All Visual Arts, London Galerie Michael Haas, Berlin Acquired from the above by the present owner in 2011
Exhibited
London, All Visual Arts, Jonathan Wateridge, Mittelland, 13 October - 12 November 2011, pp. 28-31, 40-41, 50 (illustrated)
Catalogue Essay
'I merely wanted a sense that their whole life, everything that they're doing is somehow in flux and also what questions that raises given the age they're at. If this had been a young couple, in their twenties, perhaps the image would seem utopian, it could be aspirational, but this does something else'. Jonathan Wateridge
In mimetically capturing a mundane scene of invented reality, Repainting, from Jonathan Wateridge’s Mittelland series, encapsulates the artist’s ability to interrogate perception, rendering the image strikingly realistic yet devoid of the intrusive details of photography. A single light source illuminates the room, invoking the chiaroscuro of Old Master paintings whilst reflecting artificial studio lighting. The viewer hovers between the realism of the painted scene and its obviously constructed nature. Drawing attention to the artifice of image-making, Wateridge choreographs scenes before capturing them as the basis for his painterly compositions.

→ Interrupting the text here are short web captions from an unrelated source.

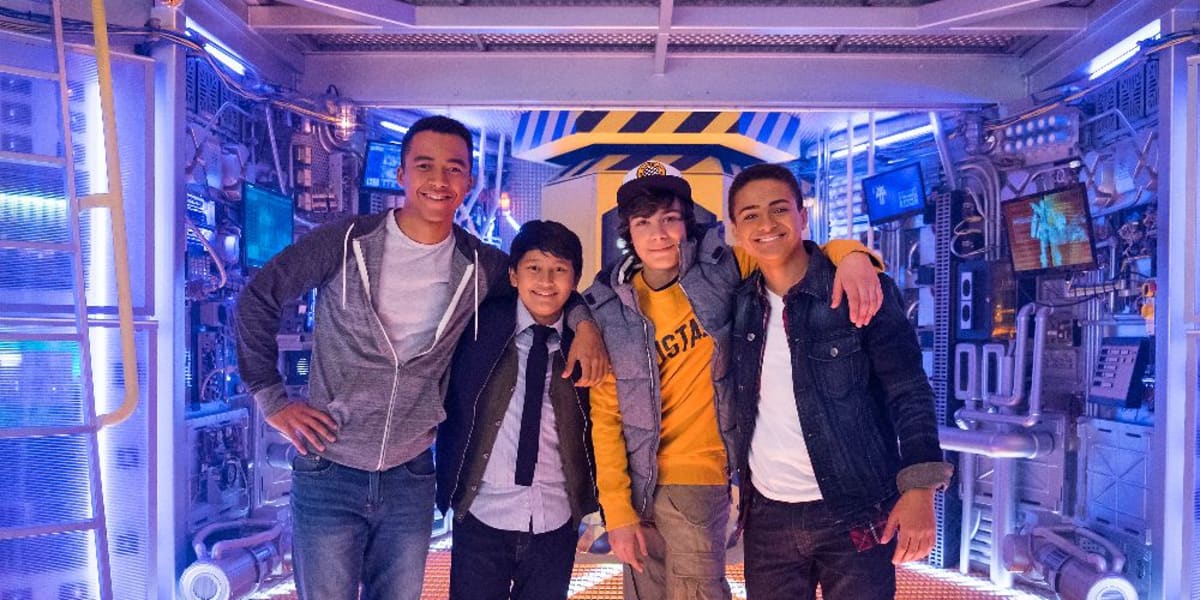 MECH-X4 - Season 1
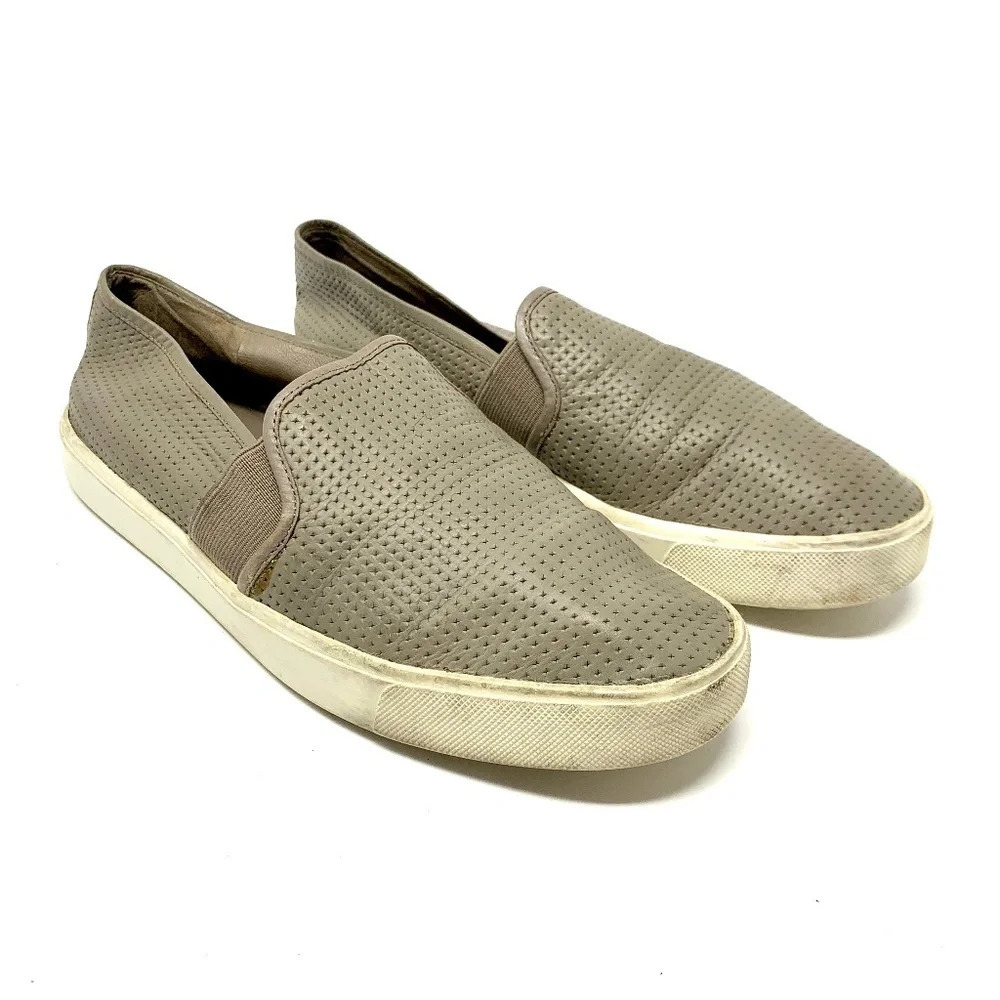 Vince Blair Slip On‎ Sneakers in Woodsmoke Gray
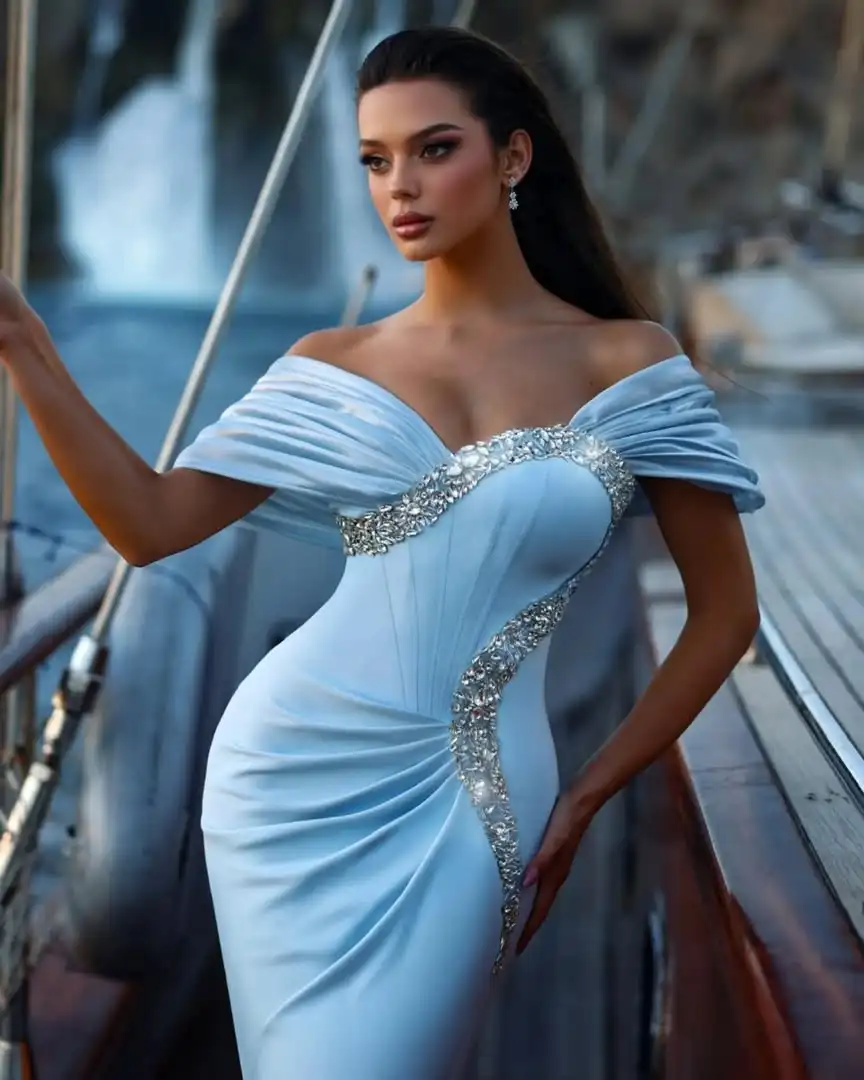 Haute Couture Blue Maxi Prom Dresses with Crystals 2025 Bridal Shoot Dress Pleated Cap Sleeves Slit Arabic Formal Party Dresses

Considering painting a more complex medium for capturing the ‘now’, Wateridge lifts elements from cinema and photography to create his own constructed representations of life, or, as Wateridge has termed his practice, a form of ‘faux-documentary’. Repainting plants a seed of doubt within the viewer regarding how one ought to perceive a picture and in doing so Wateridge reinvigorates the medium of painting.